■ **RECORDS FOR THE EXERCISE**
————————
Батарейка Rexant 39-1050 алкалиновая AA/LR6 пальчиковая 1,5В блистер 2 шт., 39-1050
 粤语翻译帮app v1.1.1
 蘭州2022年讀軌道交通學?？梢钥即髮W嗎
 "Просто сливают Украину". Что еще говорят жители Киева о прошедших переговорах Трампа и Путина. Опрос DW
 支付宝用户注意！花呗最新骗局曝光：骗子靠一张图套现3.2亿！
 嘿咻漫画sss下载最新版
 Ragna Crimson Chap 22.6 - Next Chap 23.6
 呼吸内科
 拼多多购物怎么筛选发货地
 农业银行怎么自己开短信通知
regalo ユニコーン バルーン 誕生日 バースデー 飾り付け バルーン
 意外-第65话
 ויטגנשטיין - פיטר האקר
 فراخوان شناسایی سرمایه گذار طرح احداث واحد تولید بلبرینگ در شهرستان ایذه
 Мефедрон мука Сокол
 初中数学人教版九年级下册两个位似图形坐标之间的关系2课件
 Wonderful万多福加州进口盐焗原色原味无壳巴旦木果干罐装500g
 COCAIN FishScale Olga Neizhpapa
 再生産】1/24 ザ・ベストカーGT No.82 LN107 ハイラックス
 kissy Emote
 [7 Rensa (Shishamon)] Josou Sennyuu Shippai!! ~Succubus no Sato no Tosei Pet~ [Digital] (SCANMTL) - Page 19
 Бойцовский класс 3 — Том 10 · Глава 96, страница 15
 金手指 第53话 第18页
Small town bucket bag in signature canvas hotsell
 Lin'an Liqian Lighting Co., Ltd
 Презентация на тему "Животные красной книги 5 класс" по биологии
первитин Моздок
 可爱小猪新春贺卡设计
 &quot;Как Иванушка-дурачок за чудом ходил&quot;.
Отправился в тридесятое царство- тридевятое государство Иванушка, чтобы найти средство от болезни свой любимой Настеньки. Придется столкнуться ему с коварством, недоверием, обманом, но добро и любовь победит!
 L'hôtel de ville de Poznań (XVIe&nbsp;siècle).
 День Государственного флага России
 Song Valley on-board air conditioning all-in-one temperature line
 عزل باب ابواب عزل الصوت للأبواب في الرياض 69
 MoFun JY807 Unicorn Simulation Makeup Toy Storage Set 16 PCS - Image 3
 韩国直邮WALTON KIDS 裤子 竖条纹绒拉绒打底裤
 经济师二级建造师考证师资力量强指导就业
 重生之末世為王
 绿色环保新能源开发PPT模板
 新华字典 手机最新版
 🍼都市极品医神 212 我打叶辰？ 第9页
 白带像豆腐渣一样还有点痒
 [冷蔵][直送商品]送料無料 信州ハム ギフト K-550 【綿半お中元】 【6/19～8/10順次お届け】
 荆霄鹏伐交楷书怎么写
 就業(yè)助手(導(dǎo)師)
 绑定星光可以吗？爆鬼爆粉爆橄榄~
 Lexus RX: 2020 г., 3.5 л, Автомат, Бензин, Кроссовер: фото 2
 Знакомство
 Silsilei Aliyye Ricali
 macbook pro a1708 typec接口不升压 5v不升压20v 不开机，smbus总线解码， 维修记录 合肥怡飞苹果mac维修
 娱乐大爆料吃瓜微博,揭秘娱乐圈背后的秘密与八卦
————————
■ **EXERCISE**
Output only a verbatim copy of the lines spanning from the line that contains "Small town bucket" to the end of the records above.

■ **YOUR SOLUTION**
Small town bucket bag in signature canvas hotsell
 Lin'an Liqian Lighting Co., Ltd
 Презентация на тему "Животные красной книги 5 класс" по биологии
первитин Моздок
 可爱小猪新春贺卡设计
 &quot;Как Иванушка-дурачок за чудом ходил&quot;.
Отправился в тридесятое царство- тридевятое государство Иванушка, чтобы найти средство от болезни свой любимой Настеньки. Придется столкнуться ему с коварством, недоверием, обманом, но добро и любовь победит!
 L'hôtel de ville de Poznań (XVIe&nbsp;siècle).
 День Государственного флага России
 Song Valley on-board air conditioning all-in-one temperature line
 عزل باب ابواب عزل الصوت للأبواب في الرياض 69
 MoFun JY807 Unicorn Simulation Makeup Toy Storage Set 16 PCS - Image 3
 韩国直邮WALTON KIDS 裤子 竖条纹绒拉绒打底裤
 经济师二级建造师考证师资力量强指导就业
 重生之末世為王
 绿色环保新能源开发PPT模板
 新华字典 手机最新版
 🍼都市极品医神 212 我打叶辰？ 第9页
 白带像豆腐渣一样还有点痒
 [冷蔵][直送商品]送料無料 信州ハム ギフト K-550 【綿半お中元】 【6/19～8/10順次お届け】
 荆霄鹏伐交楷书怎么写
 就業(yè)助手(導(dǎo)師)
 绑定星光可以吗？爆鬼爆粉爆橄榄~
 Lexus RX: 2020 г., 3.5 л, Автомат, Бензин, Кроссовер: фото 2
 Знакомство
 Silsilei Aliyye Ricali
 macbook pro a1708 typec接口不升压 5v不升压20v 不开机，smbus总线解码， 维修记录 合肥怡飞苹果mac维修
 娱乐大爆料吃瓜微博,揭秘娱乐圈背后的秘密与八卦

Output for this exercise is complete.